Over-prescription of opioids has become a nationwide problem hindering the treatment of veterans suffering from mental health issues. We therefore support the need to explore new and broader ranges of options, including faith- based programs, that will better serve the veteran and reduce the need to rely on drugs as the sole treatment.
For the last several generations, our country’s two major political parties were dedicated to the nation’s security and the advance of freedom around the world. Both had learned from mistakes of the past and realized that a weak America invited aggression. Both recognized the need to stand with friends and oppose those who wished us evil. Whatever their disagreements, both the Republican and Democratic parties stood for peace through strength — and strength meant American military superiority.
This bipartisan commitment has tragically changed. The leadership of the Democratic Party, both those in office and those who seek it, no longer see America as a force for good in the world. They do not stand by allies or stand strong against our foes. They pander to world opinion and neglect the national interest. They cannot be trusted to advance either the cause of liberty or our national security in the dangerous years in which we live.
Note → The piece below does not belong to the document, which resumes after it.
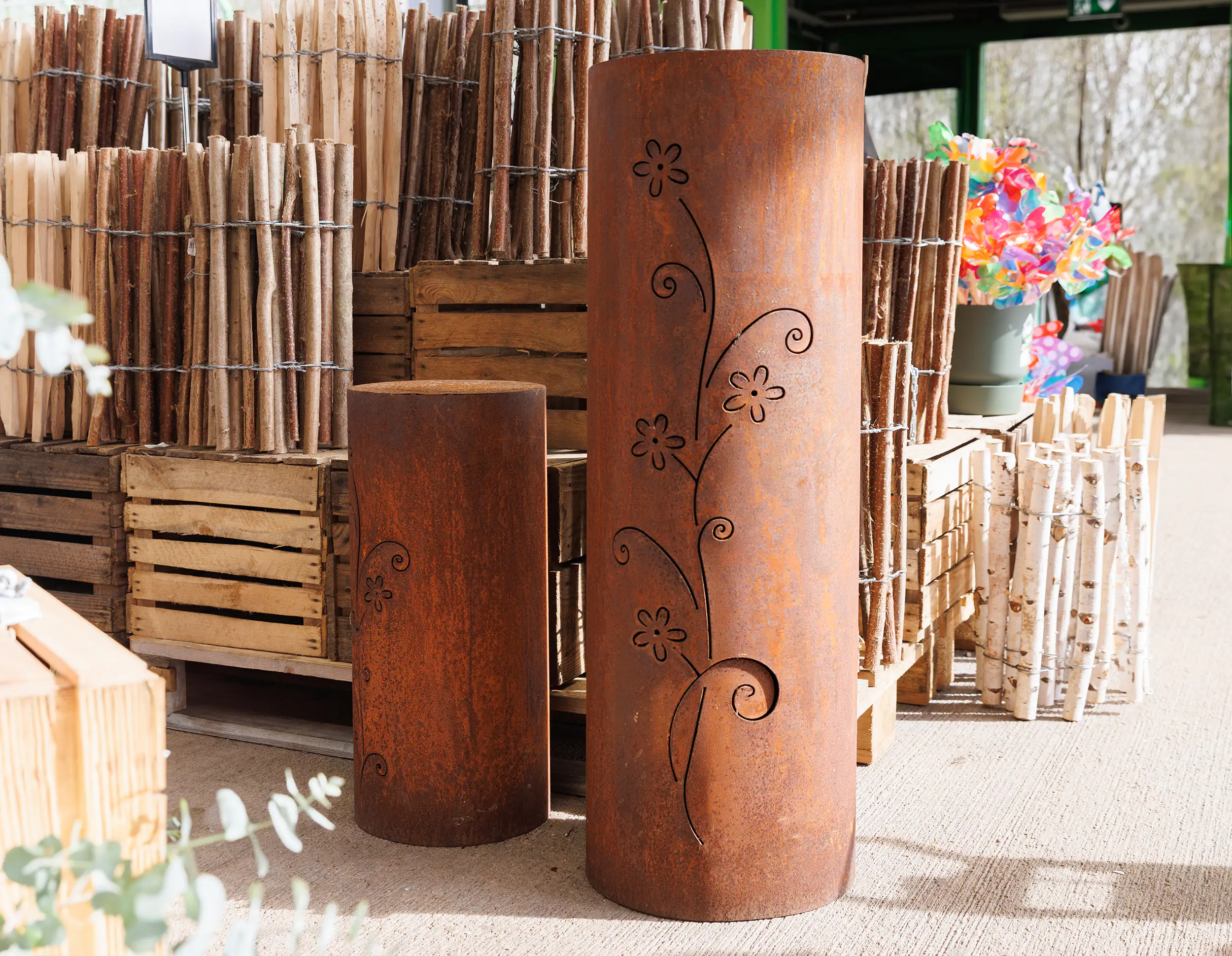 Rostsäule rund 100 cm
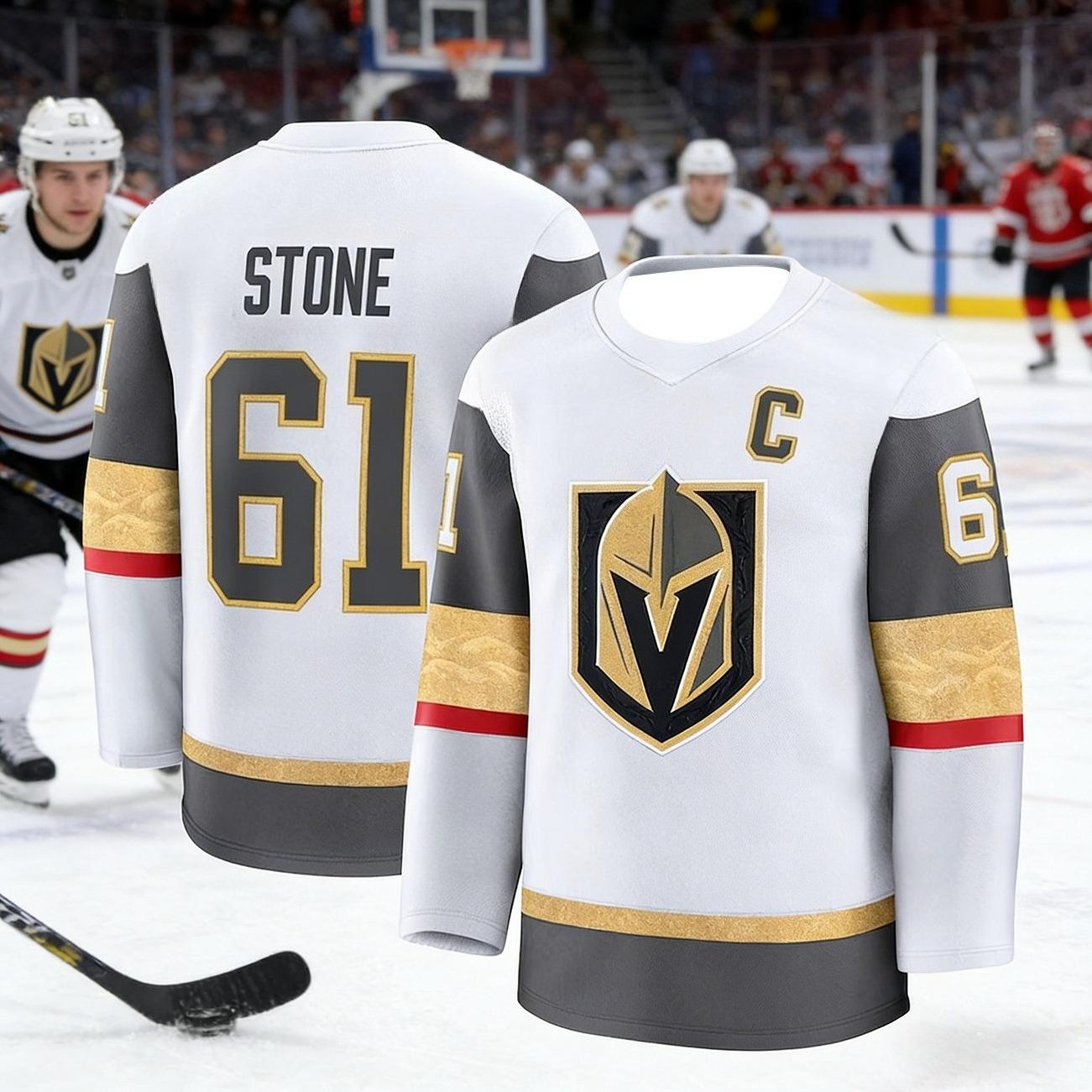 2026 Bestseller Herren Las Vegas Golden Knights Eishockey Trainingsshirt - Atmungsaktiv, Schnelltrocknend Langarmshirt Kinder 2XL white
We affirm our party’s tradition of world leadership established by President Eisenhower and followed by every Republican president since. It stands for enormous power — and the prudence to use it sparingly, precisely, and only in grave necessity. It stands for involvement, not intervention. It requires consultation, not permission to act. It leads from the front — and ensures all others do their parts as well. It embraces American exceptionalism and rejects the false prophets of decline and diminution. It is, in sum, the way we will lead the world into a new century of greater peace and prosperity — another American Century.
The Middle East is more dangerous now than at any time since the Second World War. Whatever their disagreements, presidents of both parties had always prioritized America’s national interests, the trust of friendly governments, and the security of Israel. That sound consensus was replaced with impotent grandstanding on the part of the current President and his Secretaries of State. The results have been ruinous for all parties except Islamic terrorists and their Iranian and other sponsors.
We consider the Administration’s deal with Iran, to lift international sanctions and make hundreds of billions of dollars available to the Mullahs, a personal agreement between the President and his negotiating partners and non-binding on the next president. Without a two-thirds endorsement by the Senate, it does not have treaty status. Because of it, the defiant and emboldened regime in Tehran continues to sponsor terrorism across the region, develop a nuclear weapon, test-fire ballistic missiles inscribed with “Death to Israel,” and abuse the basic human rights of its citizens. A Republican president will not be bound by it. We must retain all options in dealing with a situation that gravely threatens our security, our interests, and the survival of our friends.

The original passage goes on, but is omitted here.